>>>
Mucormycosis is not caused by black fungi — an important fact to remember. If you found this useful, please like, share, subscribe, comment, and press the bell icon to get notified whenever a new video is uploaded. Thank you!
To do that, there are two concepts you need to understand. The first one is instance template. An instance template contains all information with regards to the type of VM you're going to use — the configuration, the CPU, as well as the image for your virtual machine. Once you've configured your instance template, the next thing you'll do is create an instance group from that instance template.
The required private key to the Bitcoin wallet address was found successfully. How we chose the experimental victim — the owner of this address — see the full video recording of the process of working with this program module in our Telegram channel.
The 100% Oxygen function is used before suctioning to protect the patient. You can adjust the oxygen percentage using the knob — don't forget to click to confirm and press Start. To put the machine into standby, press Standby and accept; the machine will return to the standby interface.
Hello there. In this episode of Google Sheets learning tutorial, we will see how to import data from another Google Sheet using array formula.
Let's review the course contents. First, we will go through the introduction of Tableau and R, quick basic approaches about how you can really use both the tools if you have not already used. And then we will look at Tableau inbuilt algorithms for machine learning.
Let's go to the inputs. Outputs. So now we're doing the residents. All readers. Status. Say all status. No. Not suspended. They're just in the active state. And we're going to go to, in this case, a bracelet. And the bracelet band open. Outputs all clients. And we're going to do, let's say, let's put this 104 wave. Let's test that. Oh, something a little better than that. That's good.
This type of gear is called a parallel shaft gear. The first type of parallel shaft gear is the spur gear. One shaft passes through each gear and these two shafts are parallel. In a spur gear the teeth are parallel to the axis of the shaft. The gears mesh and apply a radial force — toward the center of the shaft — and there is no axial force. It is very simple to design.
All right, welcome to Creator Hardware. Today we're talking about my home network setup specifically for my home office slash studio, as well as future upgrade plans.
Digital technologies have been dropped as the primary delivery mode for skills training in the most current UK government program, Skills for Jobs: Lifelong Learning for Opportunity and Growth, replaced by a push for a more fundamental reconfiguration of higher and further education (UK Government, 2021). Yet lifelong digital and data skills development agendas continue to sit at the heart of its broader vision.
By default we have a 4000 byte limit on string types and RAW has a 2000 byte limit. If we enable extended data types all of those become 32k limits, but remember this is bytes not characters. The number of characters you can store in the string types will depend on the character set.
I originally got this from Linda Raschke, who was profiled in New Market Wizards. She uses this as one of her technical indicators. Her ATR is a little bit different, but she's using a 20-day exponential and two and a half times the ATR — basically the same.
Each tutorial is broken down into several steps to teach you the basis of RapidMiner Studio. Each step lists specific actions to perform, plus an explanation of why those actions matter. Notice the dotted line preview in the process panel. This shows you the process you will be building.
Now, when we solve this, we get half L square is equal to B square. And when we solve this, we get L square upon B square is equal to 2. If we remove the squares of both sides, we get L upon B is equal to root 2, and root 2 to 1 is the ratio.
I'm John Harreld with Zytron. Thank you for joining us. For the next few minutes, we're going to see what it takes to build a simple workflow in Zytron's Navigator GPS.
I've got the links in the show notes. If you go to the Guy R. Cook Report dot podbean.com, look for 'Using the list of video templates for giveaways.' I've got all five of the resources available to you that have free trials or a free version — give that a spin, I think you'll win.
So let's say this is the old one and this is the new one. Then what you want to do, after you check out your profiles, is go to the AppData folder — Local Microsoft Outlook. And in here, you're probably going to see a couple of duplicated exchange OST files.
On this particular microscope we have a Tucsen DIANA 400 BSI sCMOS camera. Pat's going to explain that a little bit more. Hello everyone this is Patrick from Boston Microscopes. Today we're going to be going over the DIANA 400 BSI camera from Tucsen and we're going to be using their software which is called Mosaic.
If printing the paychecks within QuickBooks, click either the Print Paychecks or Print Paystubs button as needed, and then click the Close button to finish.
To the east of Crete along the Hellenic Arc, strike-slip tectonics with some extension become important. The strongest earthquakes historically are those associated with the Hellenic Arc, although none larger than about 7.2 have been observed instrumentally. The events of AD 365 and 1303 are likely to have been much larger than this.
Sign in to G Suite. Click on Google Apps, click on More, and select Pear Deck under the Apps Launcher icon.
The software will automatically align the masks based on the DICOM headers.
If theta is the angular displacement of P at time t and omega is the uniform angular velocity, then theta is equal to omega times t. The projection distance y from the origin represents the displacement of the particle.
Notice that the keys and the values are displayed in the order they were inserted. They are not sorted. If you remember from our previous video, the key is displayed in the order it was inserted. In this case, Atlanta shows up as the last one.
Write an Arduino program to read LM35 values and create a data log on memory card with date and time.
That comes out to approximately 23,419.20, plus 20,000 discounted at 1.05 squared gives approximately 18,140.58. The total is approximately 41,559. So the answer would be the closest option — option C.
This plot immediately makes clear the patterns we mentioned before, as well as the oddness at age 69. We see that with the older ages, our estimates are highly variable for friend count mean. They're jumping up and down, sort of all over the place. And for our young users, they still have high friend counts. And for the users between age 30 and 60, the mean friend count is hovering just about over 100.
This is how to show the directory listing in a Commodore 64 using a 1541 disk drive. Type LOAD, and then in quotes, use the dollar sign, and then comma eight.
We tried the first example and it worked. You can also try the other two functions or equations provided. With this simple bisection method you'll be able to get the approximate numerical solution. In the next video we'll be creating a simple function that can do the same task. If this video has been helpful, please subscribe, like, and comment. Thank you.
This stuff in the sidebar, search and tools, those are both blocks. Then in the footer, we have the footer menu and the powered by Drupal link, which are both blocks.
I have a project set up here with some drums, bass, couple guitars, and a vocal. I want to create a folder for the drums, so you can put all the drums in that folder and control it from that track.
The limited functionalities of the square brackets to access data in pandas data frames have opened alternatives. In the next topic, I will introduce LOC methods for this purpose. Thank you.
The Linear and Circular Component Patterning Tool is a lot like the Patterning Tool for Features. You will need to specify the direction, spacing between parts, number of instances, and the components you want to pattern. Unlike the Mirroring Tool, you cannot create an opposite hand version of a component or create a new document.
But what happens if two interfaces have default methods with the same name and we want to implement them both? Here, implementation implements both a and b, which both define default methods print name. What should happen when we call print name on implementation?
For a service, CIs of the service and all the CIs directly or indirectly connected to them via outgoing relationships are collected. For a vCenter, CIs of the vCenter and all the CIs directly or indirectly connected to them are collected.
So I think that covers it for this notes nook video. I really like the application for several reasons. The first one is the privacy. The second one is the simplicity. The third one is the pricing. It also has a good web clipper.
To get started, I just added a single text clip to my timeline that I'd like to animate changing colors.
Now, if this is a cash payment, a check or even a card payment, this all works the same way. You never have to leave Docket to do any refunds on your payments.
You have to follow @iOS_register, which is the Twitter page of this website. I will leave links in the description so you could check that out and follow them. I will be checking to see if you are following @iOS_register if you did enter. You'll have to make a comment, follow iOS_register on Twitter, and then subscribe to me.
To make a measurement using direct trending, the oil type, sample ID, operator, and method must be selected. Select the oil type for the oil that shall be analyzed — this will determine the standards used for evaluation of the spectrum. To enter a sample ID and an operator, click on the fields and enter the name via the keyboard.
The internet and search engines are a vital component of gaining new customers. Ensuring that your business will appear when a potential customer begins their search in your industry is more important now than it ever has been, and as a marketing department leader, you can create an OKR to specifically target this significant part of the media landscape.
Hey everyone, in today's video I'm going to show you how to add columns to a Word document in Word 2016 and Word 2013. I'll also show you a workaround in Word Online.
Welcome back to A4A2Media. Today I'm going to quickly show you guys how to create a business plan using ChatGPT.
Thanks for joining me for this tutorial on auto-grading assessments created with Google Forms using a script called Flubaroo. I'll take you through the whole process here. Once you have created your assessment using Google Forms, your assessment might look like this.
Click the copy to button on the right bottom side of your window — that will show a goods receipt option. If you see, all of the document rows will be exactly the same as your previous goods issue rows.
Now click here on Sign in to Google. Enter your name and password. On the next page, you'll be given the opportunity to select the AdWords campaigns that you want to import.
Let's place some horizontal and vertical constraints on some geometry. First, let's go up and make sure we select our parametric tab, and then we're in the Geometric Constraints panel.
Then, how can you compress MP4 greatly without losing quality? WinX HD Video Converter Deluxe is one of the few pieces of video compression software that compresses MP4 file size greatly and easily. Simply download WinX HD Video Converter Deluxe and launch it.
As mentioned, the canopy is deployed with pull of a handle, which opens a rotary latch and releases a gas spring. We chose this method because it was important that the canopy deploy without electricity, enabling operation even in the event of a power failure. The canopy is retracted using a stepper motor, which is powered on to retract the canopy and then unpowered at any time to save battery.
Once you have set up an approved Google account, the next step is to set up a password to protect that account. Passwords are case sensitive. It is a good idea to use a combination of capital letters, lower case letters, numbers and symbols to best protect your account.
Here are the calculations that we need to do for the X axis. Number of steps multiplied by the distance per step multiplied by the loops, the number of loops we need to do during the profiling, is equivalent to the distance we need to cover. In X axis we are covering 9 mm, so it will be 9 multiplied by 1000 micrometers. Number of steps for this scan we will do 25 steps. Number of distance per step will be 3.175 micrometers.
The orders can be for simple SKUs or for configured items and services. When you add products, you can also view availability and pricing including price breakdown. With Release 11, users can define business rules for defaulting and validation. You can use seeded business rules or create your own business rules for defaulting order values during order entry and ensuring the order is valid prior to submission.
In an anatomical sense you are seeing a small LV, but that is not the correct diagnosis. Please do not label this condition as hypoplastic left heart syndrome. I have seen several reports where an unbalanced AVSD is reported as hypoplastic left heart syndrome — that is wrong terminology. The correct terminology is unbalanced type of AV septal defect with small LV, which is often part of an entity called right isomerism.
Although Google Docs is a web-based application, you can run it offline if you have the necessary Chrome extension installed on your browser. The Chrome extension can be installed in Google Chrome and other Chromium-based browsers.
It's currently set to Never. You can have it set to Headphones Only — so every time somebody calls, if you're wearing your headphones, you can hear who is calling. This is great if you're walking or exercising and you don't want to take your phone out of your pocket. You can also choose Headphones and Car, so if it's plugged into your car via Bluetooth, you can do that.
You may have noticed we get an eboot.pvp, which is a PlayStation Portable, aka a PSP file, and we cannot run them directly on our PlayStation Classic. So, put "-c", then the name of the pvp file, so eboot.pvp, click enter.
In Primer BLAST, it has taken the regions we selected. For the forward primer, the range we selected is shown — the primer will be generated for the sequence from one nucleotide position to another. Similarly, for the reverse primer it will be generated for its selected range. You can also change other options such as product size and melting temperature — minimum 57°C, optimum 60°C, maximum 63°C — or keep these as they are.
<<<
> **YOUR TASK**
Looking at the records above, return exactly the lines from the line with "That comes out" to the line with "The limited functionalities", both ends included.

> **SOLVED EXERCISE**
That comes out to approximately 23,419.20, plus 20,000 discounted at 1.05 squared gives approximately 18,140.58. The total is approximately 41,559. So the answer would be the closest option — option C.
This plot immediately makes clear the patterns we mentioned before, as well as the oddness at age 69. We see that with the older ages, our estimates are highly variable for friend count mean. They're jumping up and down, sort of all over the place. And for our young users, they still have high friend counts. And for the users between age 30 and 60, the mean friend count is hovering just about over 100.
This is how to show the directory listing in a Commodore 64 using a 1541 disk drive. Type LOAD, and then in quotes, use the dollar sign, and then comma eight.
We tried the first example and it worked. You can also try the other two functions or equations provided. With this simple bisection method you'll be able to get the approximate numerical solution. In the next video we'll be creating a simple function that can do the same task. If this video has been helpful, please subscribe, like, and comment. Thank you.
This stuff in the sidebar, search and tools, those are both blocks. Then in the footer, we have the footer menu and the powered by Drupal link, which are both blocks.
I have a project set up here with some drums, bass, couple guitars, and a vocal. I want to create a folder for the drums, so you can put all the drums in that folder and control it from that track.
The limited functionalities of the square brackets to access data in pandas data frames have opened alternatives. In the next topic, I will introduce LOC methods for this purpose. Thank you.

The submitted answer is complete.